Task objective: If a line includes "days", copy it out of the entries.

Stored data:
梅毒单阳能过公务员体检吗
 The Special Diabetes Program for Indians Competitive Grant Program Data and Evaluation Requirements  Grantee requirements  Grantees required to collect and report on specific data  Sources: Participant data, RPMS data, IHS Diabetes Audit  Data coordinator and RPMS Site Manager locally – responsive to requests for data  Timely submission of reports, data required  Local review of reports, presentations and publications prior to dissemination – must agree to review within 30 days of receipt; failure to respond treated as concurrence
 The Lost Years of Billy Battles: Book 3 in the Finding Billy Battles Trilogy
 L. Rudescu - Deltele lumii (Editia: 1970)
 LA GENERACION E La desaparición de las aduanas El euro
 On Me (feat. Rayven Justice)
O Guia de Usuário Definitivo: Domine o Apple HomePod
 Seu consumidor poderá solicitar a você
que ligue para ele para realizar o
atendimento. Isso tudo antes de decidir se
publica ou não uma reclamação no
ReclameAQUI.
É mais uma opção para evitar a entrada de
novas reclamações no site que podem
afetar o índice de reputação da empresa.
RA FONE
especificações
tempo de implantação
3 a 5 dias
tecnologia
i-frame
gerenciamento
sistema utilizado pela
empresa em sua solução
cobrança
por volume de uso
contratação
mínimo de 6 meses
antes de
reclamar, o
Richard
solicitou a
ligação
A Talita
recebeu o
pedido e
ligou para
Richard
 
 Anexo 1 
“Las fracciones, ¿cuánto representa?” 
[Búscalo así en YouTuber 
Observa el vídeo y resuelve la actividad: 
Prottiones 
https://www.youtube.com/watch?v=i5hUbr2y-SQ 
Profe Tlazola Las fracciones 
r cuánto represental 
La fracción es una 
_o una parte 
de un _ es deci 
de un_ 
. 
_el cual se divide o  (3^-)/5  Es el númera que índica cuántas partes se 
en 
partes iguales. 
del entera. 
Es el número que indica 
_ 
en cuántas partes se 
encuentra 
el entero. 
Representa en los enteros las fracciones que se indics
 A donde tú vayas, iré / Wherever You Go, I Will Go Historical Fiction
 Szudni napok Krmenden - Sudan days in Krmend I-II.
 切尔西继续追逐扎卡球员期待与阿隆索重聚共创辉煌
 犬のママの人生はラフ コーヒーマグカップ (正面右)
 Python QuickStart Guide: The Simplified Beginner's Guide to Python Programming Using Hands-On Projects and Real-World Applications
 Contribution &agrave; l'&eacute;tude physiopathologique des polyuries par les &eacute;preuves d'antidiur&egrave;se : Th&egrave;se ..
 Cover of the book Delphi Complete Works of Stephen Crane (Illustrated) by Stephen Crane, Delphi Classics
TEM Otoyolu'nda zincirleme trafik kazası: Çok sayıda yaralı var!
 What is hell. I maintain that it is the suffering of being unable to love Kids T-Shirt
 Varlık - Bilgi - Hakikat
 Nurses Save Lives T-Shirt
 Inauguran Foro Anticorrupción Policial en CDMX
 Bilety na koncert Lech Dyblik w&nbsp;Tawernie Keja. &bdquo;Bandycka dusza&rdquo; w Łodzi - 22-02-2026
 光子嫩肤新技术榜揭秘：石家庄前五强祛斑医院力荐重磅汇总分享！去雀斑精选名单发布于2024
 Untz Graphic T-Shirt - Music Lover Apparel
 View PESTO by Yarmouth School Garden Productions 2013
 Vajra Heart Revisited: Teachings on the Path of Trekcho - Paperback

Output for this exercise:
 The Special Diabetes Program for Indians Competitive Grant Program Data and Evaluation Requirements  Grantee requirements  Grantees required to collect and report on specific data  Sources: Participant data, RPMS data, IHS Diabetes Audit  Data coordinator and RPMS Site Manager locally – responsive to requests for data  Timely submission of reports, data required  Local review of reports, presentations and publications prior to dissemination – must agree to review within 30 days of receipt; failure to respond treated as concurrence
 Szudni napok Krmenden - Sudan days in Krmend I-II.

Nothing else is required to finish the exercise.